Banana Cake with Nutella Frosting and Candied Hazelnuts
Banana and Nutella is a match made in heaven….don’t you agree? If you don’t agree…well then you’re crazy! I still like you, I just think you’re nuts….hazelnuts.
Cake Ingredients:
2 cups flour
1 tsp baking soda
3/4 tsp salt
1/2 cup butter, room temperature
1 1/2 cup sugar
2 eggs
3 bananas, mashed
2 tsp vanilla
1 cup sour cream
Directions:
Preheat oven to 350. Grease and line with parchment two round 8 inch cake pans.
1) In a medium size bowl whisk together the flour, salt and baking soda. Set aside.
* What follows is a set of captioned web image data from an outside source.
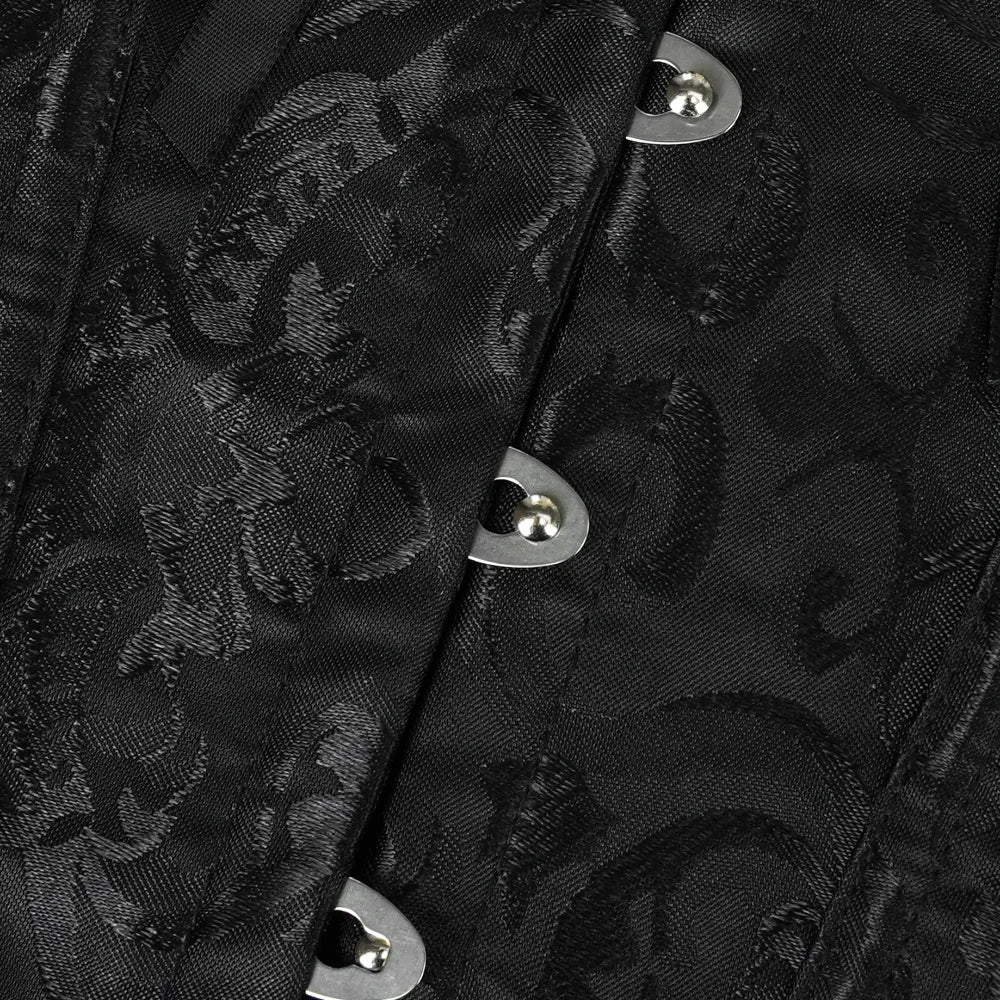 Women's Victorian Gothic Overbust Corset Bustier - Jacquard Brocade Front Busk Waist Cincher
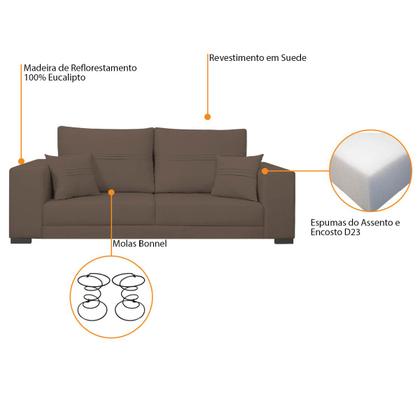 Imagem de Sofá 2 Lugares Madri Suede - Doce Sonho Móveis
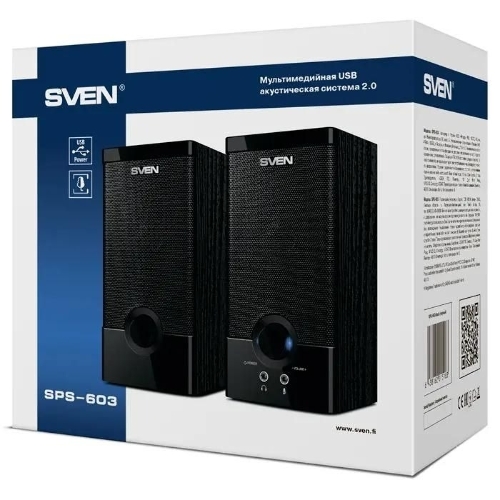 Колонки SVEN SPS-603 черный USB-порт ПК, ноутбука или адаптер 5V DC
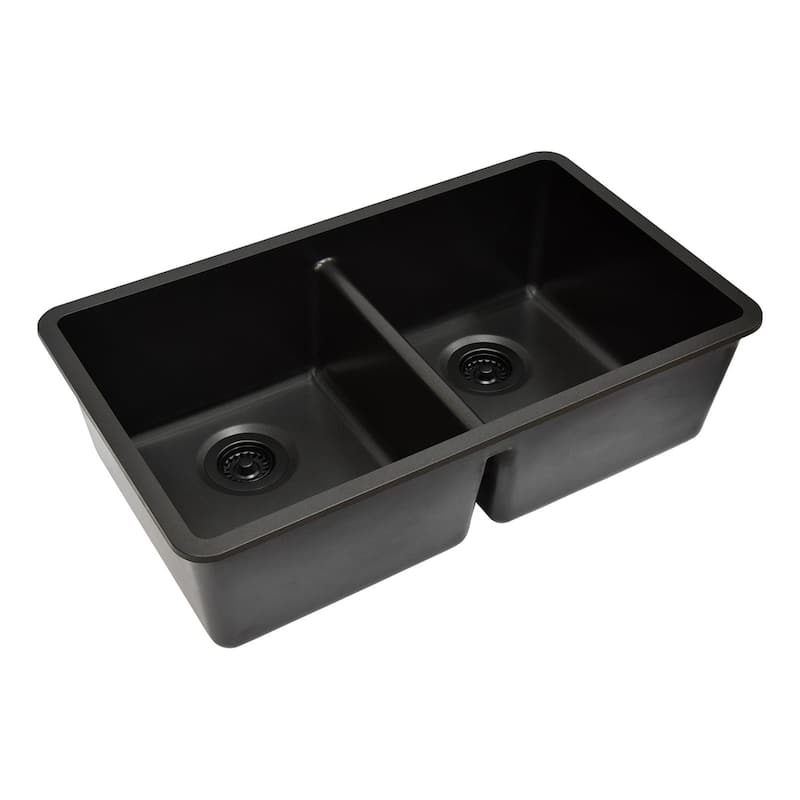 Lexicon Granite 32 Inch 50/50 Double Bowl Undermount Kitchen Sink Kit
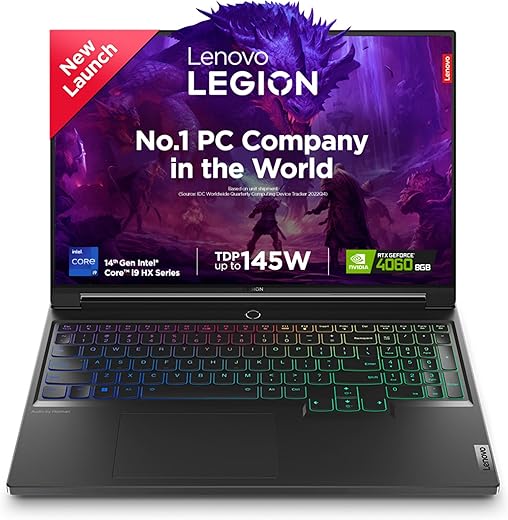 Lenovo Legion 7 Intel Core i9-14900HX 16″ (40.64cm) 3.2K IPS 430Nits 165Hz Gaming Laptop (16GB/1TB SSD/Win 11/Office 2021/NVIDIA RTX 4060 8GB/100%…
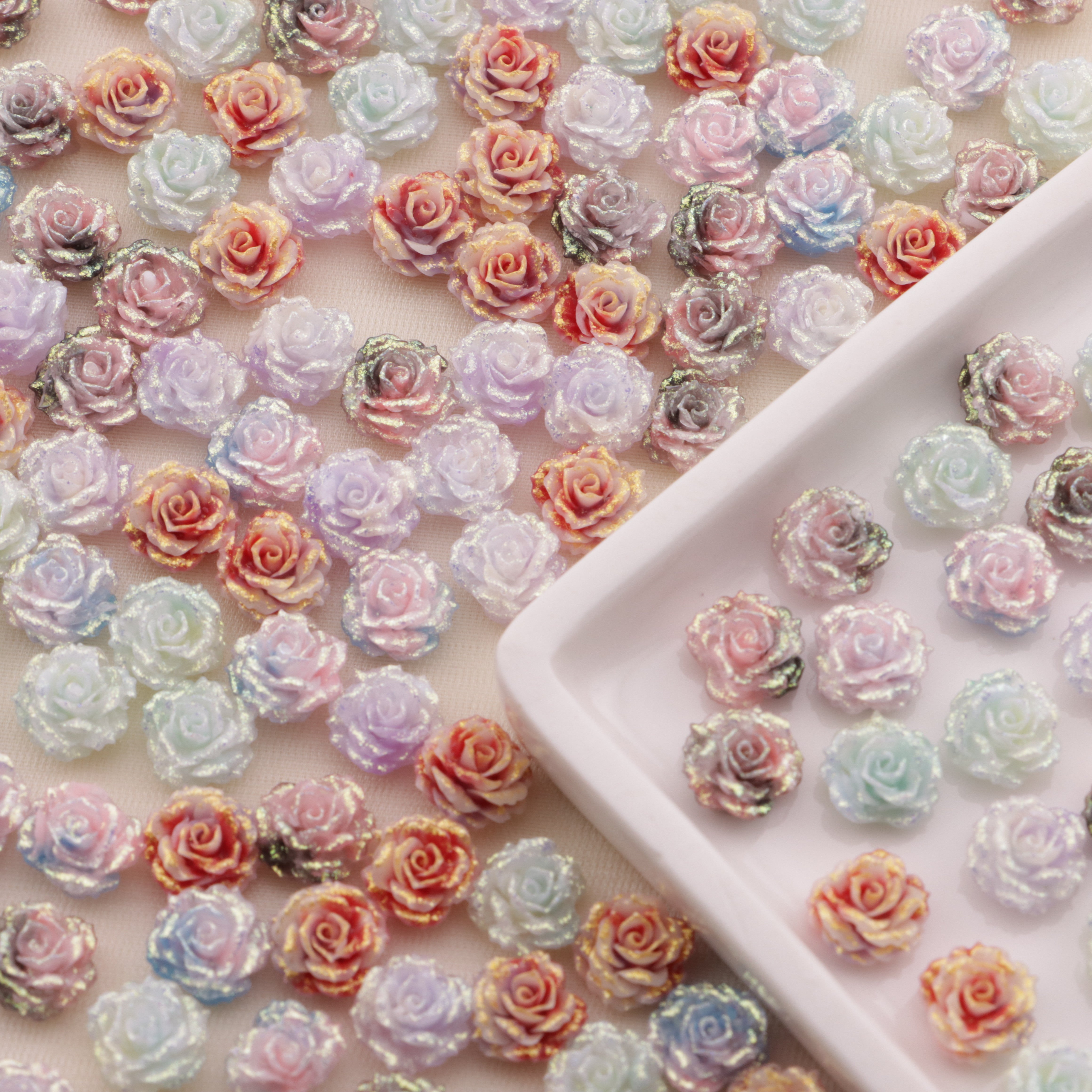FS6568- 8mm Luminous Soft Flower Charms Luminous Soft Flower Stickers Zoe's DIY Shop
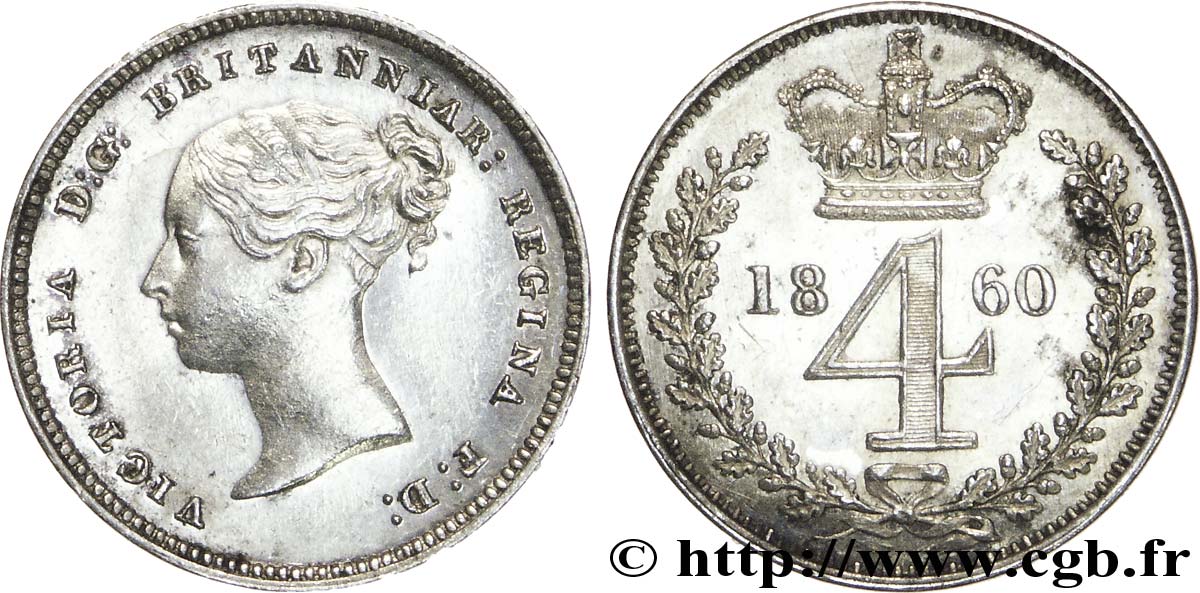REINO UNIDO 4 Pence (Maundy Set) Victoria tête jeune 1860 Londres EBC 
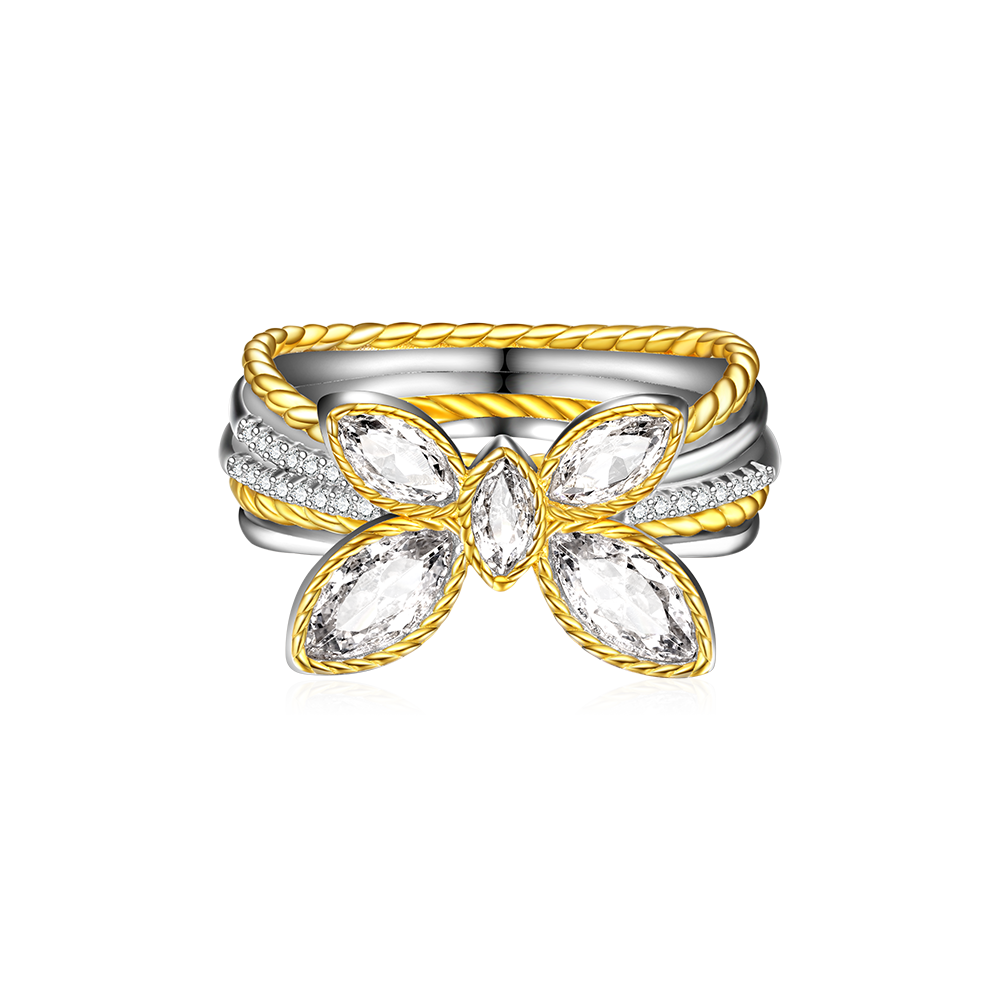 Marquise Butterfly Two-tone Ring image number 0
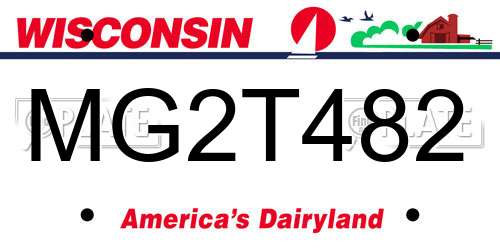 MG2T482 Wisconsin License Plate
2) In a large bowl or standing mixer, beat the butter and sugar until fluffy. Add eggs one at a time, mixing well between each addition. Add the bananas and vanilla mixing for about a minute.
3) Add the flour mixture and the sour cream to the butter mixture - alternating between the two…beginning and ending with the flour. Mix about 1 more minute to combine.
4) Divide the batter evenly between the two prepared pans. Bake for 25 minutes or until a wooden pick come out clean. Cool cakes completely.
Candied Hazelnut ingredients:
1 cup Hazelnuts, as much of the skin removed as possible and roughly chopped.
2 Tbs salted butter
1/3 cup sugar
Directions:
1) In a medium sized frying pan over medium-low heat, melt butter. When the butter is melted sprinkle half the sugar evenly over melted butter. Scatter the hazelnuts over the top of the butter and sugar then sprinkle the rest of the sugar over the tops of the nuts.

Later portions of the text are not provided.